■ Problem requirements ■
Nothing but the lines below from the one holding "Catrice Soft Blur" up to and including the one holding "ULYSSES, Hund, Siberian" should be copied, exactly and without pictures.

■ The data ■
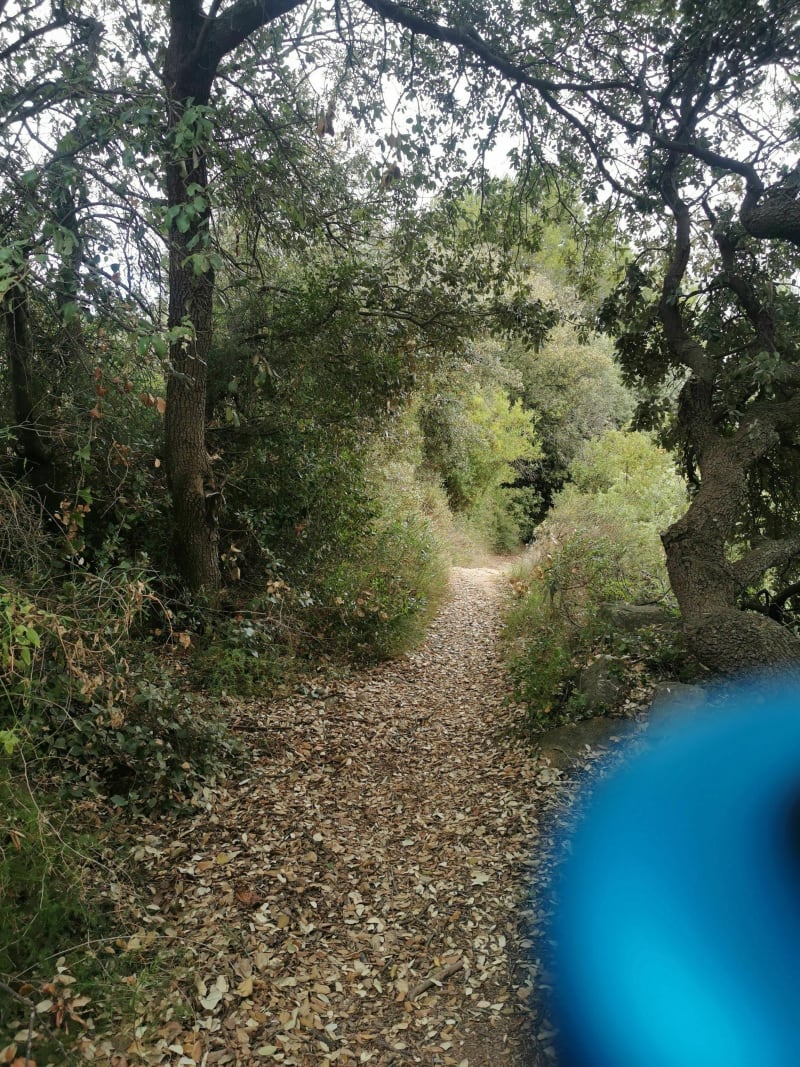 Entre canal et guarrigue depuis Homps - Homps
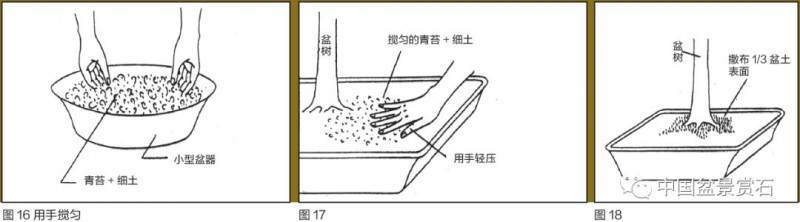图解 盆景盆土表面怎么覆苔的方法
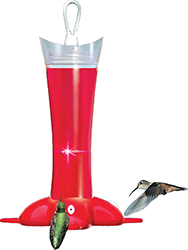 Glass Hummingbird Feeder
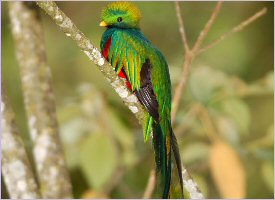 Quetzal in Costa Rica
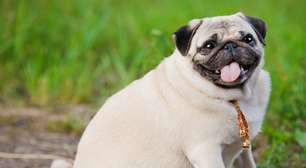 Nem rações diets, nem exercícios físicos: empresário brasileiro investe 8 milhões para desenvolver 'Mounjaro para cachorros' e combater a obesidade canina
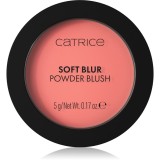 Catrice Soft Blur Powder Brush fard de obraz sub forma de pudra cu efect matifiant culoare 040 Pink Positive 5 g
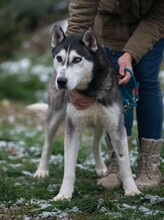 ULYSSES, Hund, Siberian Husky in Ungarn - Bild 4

==

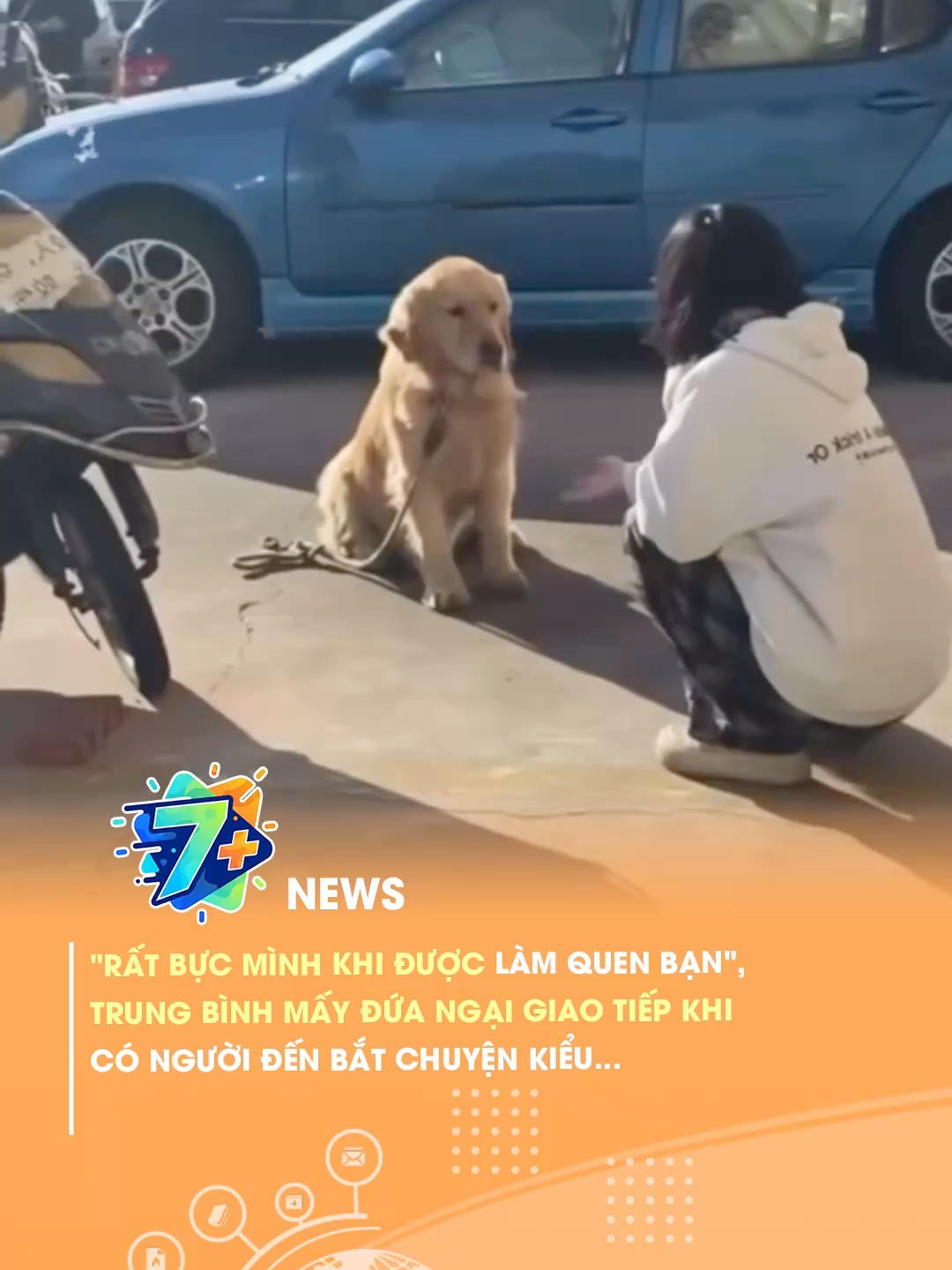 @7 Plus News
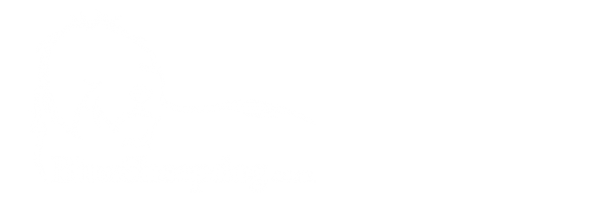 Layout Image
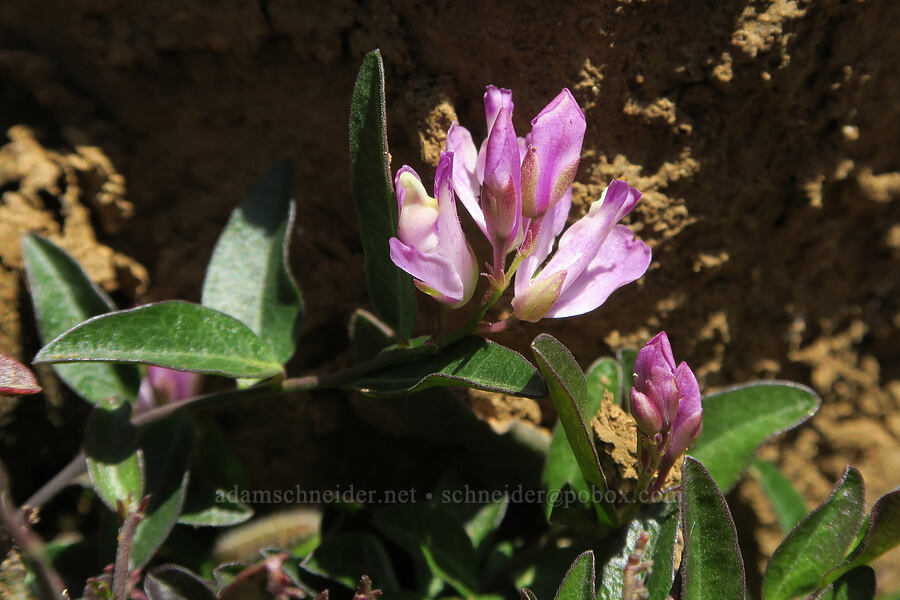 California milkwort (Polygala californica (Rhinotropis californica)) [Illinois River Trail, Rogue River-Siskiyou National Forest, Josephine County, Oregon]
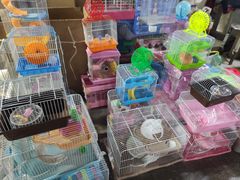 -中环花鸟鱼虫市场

■ Task result ■
 Catrice Soft Blur Powder Brush fard de obraz sub forma de pudra cu efect matifiant culoare 040 Pink Positive 5 g
 ULYSSES, Hund, Siberian Husky in Ungarn - Bild 4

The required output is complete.